In 12 short weeks, the San Diego Chargers will be allowed to begin discussions with other cities interested in hosting the NFL team. The Chargers will be able to get out of their long-term Qualcomm Stadium lease after the 2008 season by paying off the balance of the $60 million in bonds sold in 1997 to pay for stadium improvements. While team officials say all the right things about wanting to remain in the San Diego area without receivng any new public subsidies, many remain skeptical. Nevertheless, at this point, there are reasons to be optimistic a deal can be struck that satisfies both the team and wary taxpayers.
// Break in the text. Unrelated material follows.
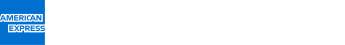 Carte American Express Gold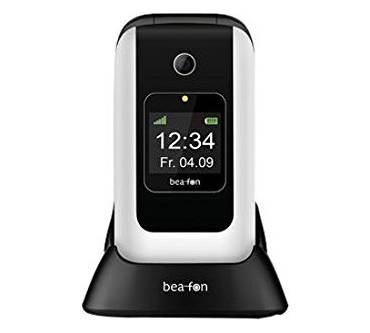 Produktbild Bea-fon SL580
So far, unfortunately, the most concrete development is a negative one: the collapse earlier this year of team-city negotiations that could have led to construction of the new, state-of-the-art stadium the Chargers sought on the Qualcomm site in Mission Valley, combined with a residential-commercial development needed to pay for it. Mark Fabiani, the attorney who's been the team's point man in stadium discussions, says between the complications posed by the city's vast fiscal problems and the monkey-wrenching tactics of City Attorney Michael Aguirre, there is no way investors could be found who would be willing to risk hundreds of millions of dollars on the Mission Valley project. (See Q&A, Page G5)
This leaves, the Chargers say, two alternatives for a new stadium and related mixed-use development: a private site owned by Home Fed Corp. in Chula Vista and a public parcel near the bayfront in National City.